Patrzałam się na to wszystko z niedowierzaniem, ten koleś był taki przerażający mimo tego że stał spokojnie. Nie rzucał się, jak niektórzy czyt. Nick czy Nataniel.
- Ja nie mam ci nic do powiedzenia Street - warknął Tel, a mnie momentalnie zamurowało. Street zbieżność nazwisk czy to jest ten brat Nataniela?!
- Skoro tak to w każdej chwili mogę zastrzelić tą o to tu pannę West. - oznajmił przerzucając wzrok na mnie. Wzdrygnęłam się na jego słowa oraz gdy zobaczył spojrzenie jego lodowatych oczu.
- Nie ośmielisz się - syknął szatyn, a blondyn zaśmiał się przeszywająco i zza paska spodni wyciągnął broń. Wymierzył mi prosto w głowę. Przerażona stanęłam, jak wryta. Spojrzałam kątem oka na Nicka, który stał i patrzał się ze strachem.
- Pamiętaj kochanie możesz tylko i wyłącznie winić za to swojego przyjaciela - powiedział przeładowując  swoją broń.
- Stop czekaj! - zawołał Nick.
Nieznajomy przerzucił wzrok na chłopaka, ale nadal celował we mnie. Poczułam, jak moje ręce zaczynają drżeć.
- Pójdę z tobą - oznajmił.
- Dobry chłopczyk. Idź się ubierz, bo nie zamierzam podziwiać twoich żałosnych mięśni, a ja posiedzę sobie z twoją przyjaciółką. Och i weź całą kasę, którą jesteście mi winni. - oświadczył siadając na kanapie, a mi kazał usiąść na fotelu, który stał obok. Wykonałam posłusznie polecenie. Nick ruszył na górę. Co tu się do cholery działo jakie pieniądze?
- Powiem ci coś w sekrecie. Tylko bez wyzwisk, bo to dla ciebie źle się skończy - mruknął kładąc sobie broń na kolana.
Kiwnęłam głową, że rozumiem, a on uśmiechnął się do mnie.
- To przez waszego przyjaciela i mojego pieprzonego braciszka twoja siostrzyczka ucierpiała pewnego dnia. Pamiętasz doskonale prawda? - spytał przejeżdżając swoim językiem po zębach.
- Tak - szepnęłam przypominając sobie ten dzień kiedy Drew opowiedziała mi o jakimś Jace, który ją pobił. Ten skurwysyn siedział przede mną. Chciałam mu przyjebać w mordę, ale się powstrzymałam zważając na to co trzyma na kolanach.
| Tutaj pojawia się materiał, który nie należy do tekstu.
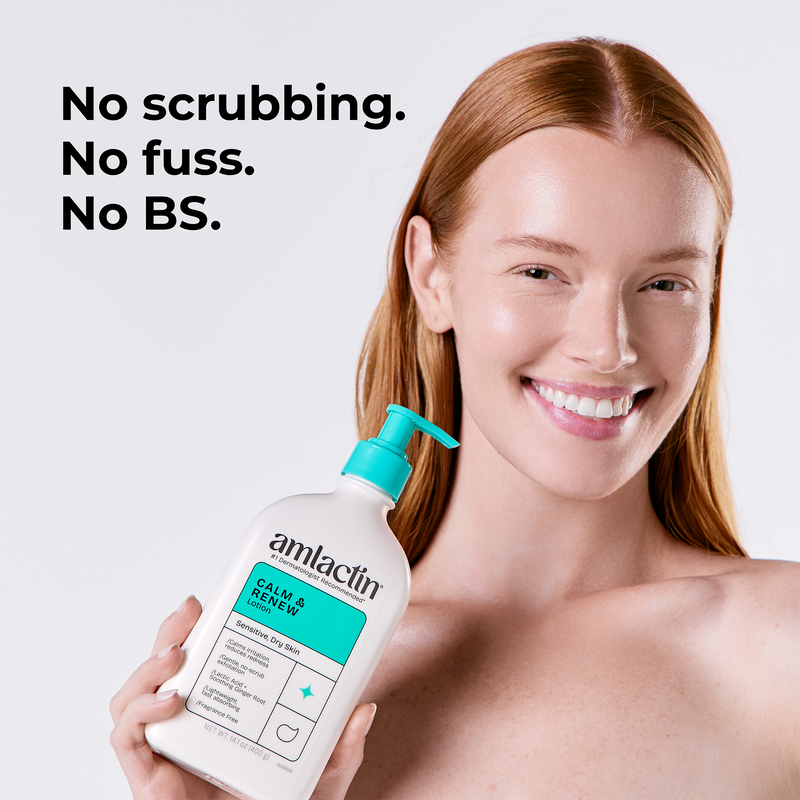 A smiling woman with red hair holds a bottle of amlactin Calm & Renew lotion against a light gray background, with the text 'No scrubbing. No fuss. No BS.'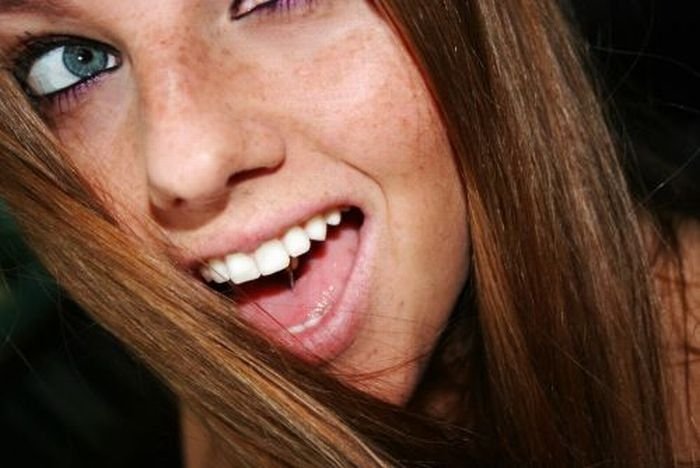 freckled girl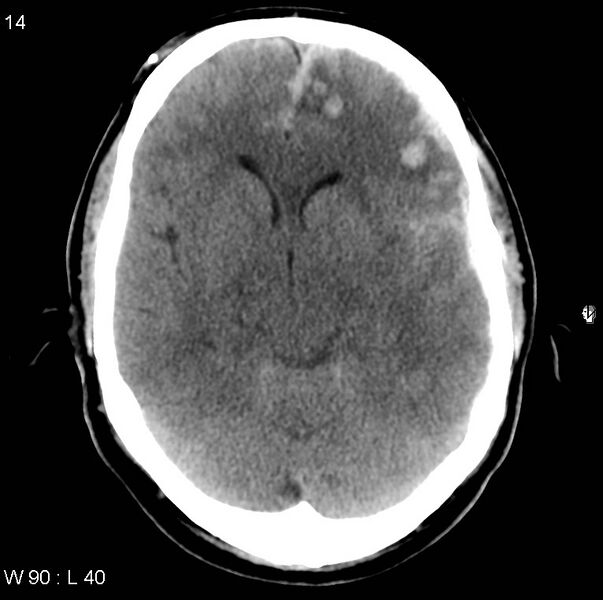 File:Cerebral hemorrhagic contusion with subdural and subarachnoid hemorrhage (Radiopaedia 10680-11146 Axial non-contrast 11).jpg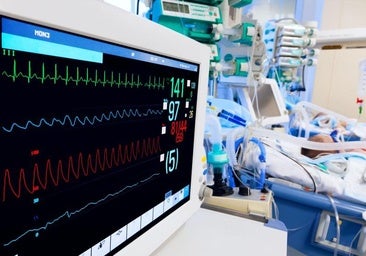 Una IA detecta infartos invisibles con un electrocardiograma con el doble de precisión que el ojo humano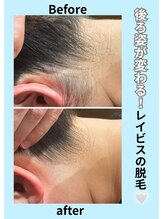 エステティック レイビス 青森店(RAYVIS)/うなじ脱毛で首が長く細見え！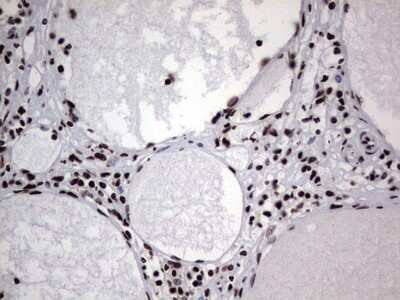 Immunohistochemistry: hnRNP L Antibody (OTI2E4) [NBP2-45990]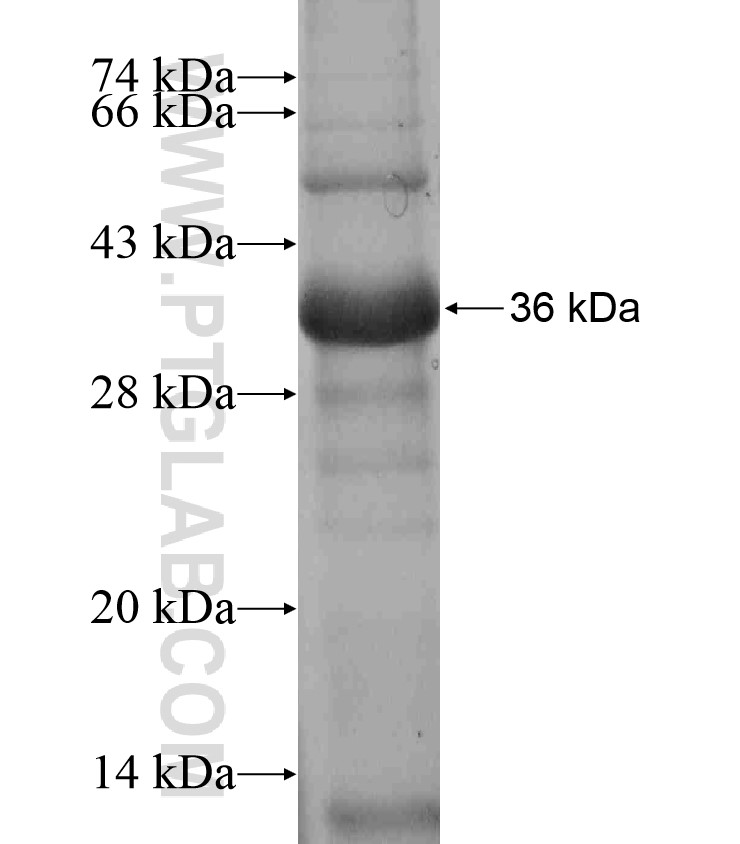 BAI3 fusion protein Ag17399 SDS-PAGE BAI3 fusion protein Ag17399 SDS-PAGE
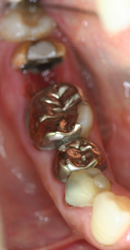 銀歯が気になる方向けの審美治療1
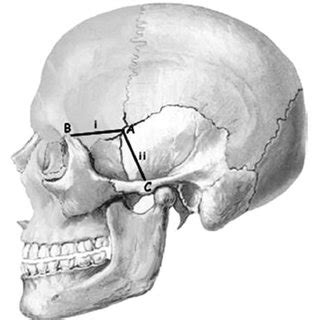 Measurements taken on each skull. I, distance from the pterion (A) to ...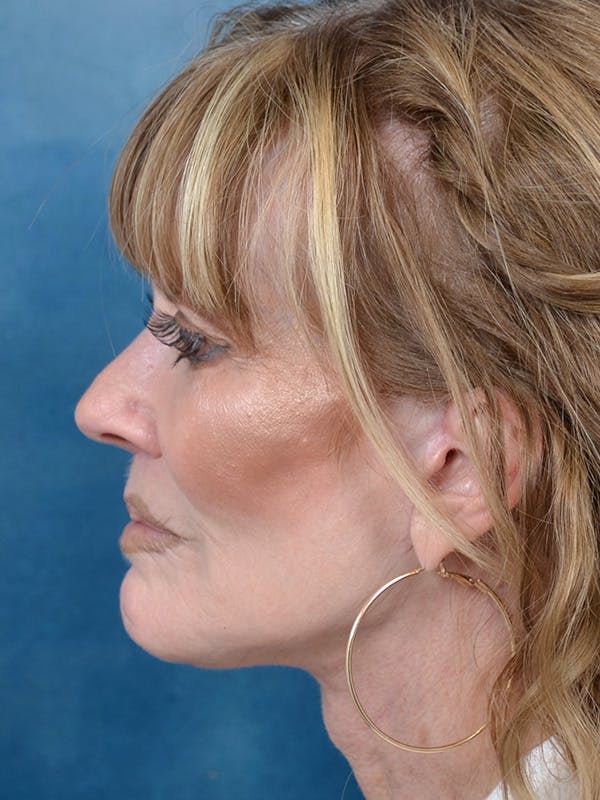 Deep Plane Facelift Before & After Gallery - Patient 123886446 - Image 10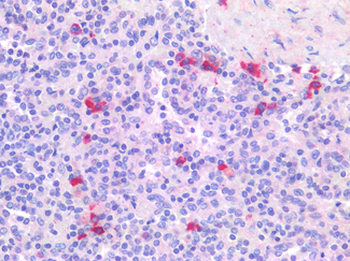 BTLA/CD272 Antibody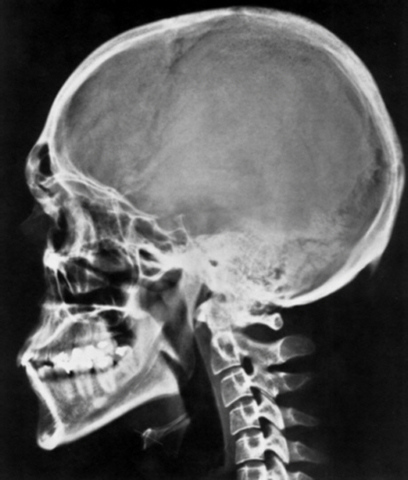 A Röntgen-sugarak felfedezése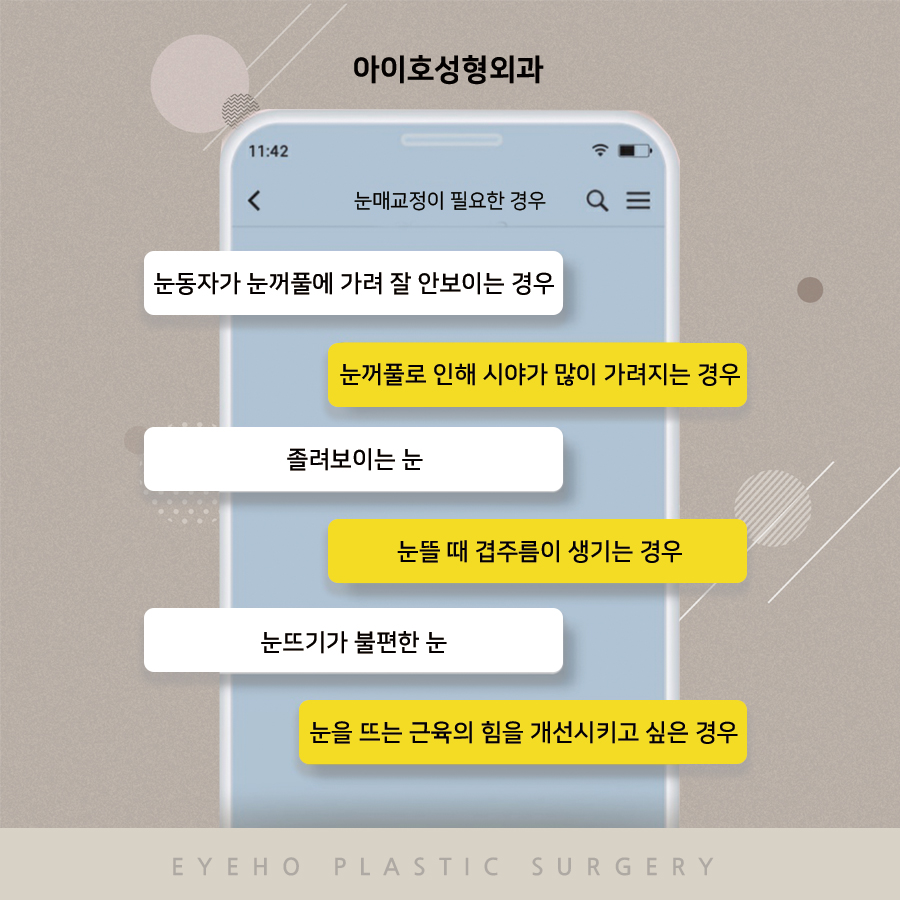 눈매교정가격 알아보고 있다면 관련 이미지 5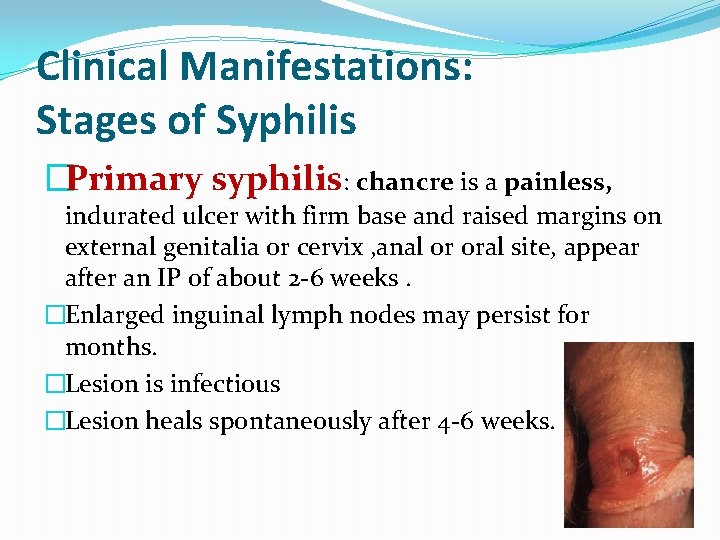 Clinical Manifestations: Stages of Syphilis �Primary syphilis: chancre is a painless, indurated ulcer with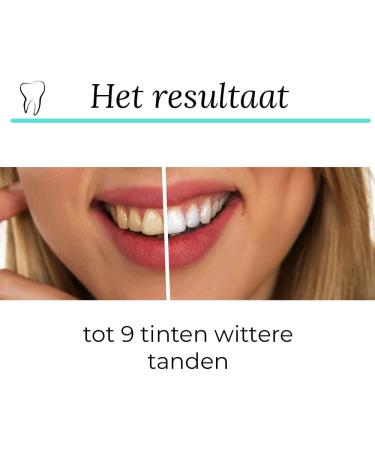 Glory of White Professional Teeth Whitening Strips 28 Strips Teeth Whitening Strips Whiter Teeth Without Peroxide Teeth Whitening Not tested on animals - Buy Online on GoSupps.com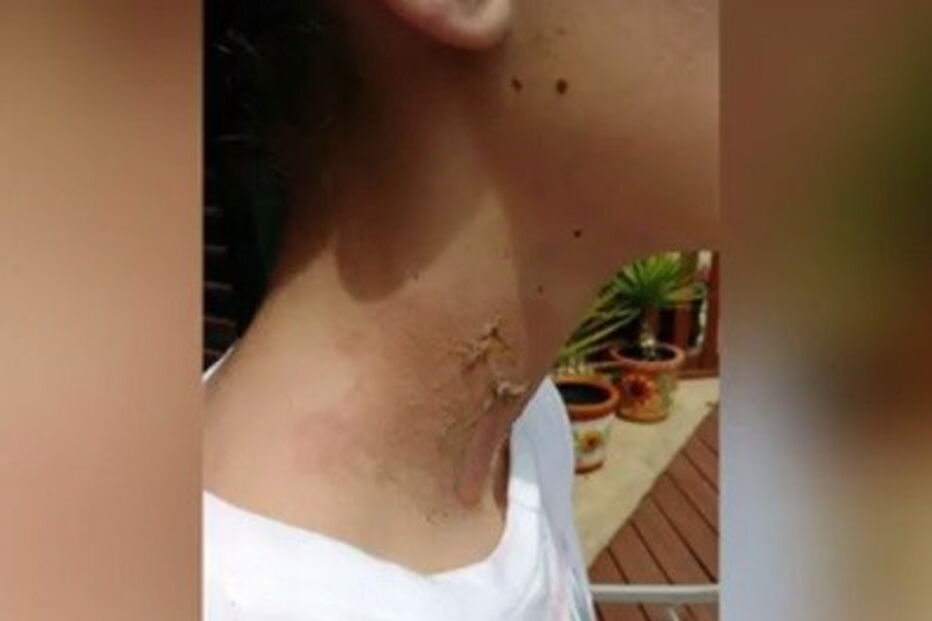 Adolescente de 15 anos ficou com queimaduras graves após brincadeira de amigos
- Musiałem ci powiedzieć. Pan Nick oraz pan Nataniel bardzo mnie wtedy wkurzyli, więc musiałem jakoś im pokazać kto tu rządzi prawda? - powiedział. - To taka ładna dziewczyna. Niestety potem twoi koledzy jeszcze bardziej podziałali mi na nerwy, więc dostali w mordy. Widziałem, jak bardzo się nim zajęłaś, ale pewnemu chłopakowi teraz też przydałaby się twoja sanitarna pomoc - mrugnął do mnie.
- O co ci chodzi? - spytałam z drżącym głosem.
- Przykro mi, ale i tak wystarczająco dużo ci powiedziałem. - odpowiedział wstając. - Colins ruszaj ten swój tyłek, bo się nudzę, a wiesz co się dzieje, jak się nudzę prawda?!
Jego wrzask odbijał się echem po całym domu, a ja byłam jeszcze bardziej przerażona niż do tej pory. To wszystko co się działo było przez Colinsa i Streeta. Pobicie Drew, pewnie Oscar też przypadkowo mnie nie prześladował, te pieniądze, które posiadali oby dwoje były z jakiś durnych przekrętów! Zacisnęłam ręce w pięści i spojrzałam na tego Jace. Stał oparty o ścianę i tupał nerwowo nogą. Po chwili pojawił się Tel. Gdy na niego patrzałam miałam ochotę wydrapać mu oczy. Znienawidziłam go.
- Ruszaj się do auta! - krzyknął blondyn.
Chłopak spojrzał na mnie i skierował się do wyjścia. Wstałam szybko z miejsca.
- Nienawidzę cię Nick! Za to wszystko co zrobiłeś! Spróbuj się tylko do mnie zbliżyć to uduszę cię własnymi rękami! - wrzasnęłam kiedy wychodził.
Spojrzał się na mnie z bólem w oczach i spuścił wzrok idąc w stronę wielkiej czarnej terenówki, która stała przed domem. Na miejscu kierowcy zobaczyłam jakąś rudą kobietę. Street zaśmiał się tak głośno, że chyba cały Londyn go słyszał.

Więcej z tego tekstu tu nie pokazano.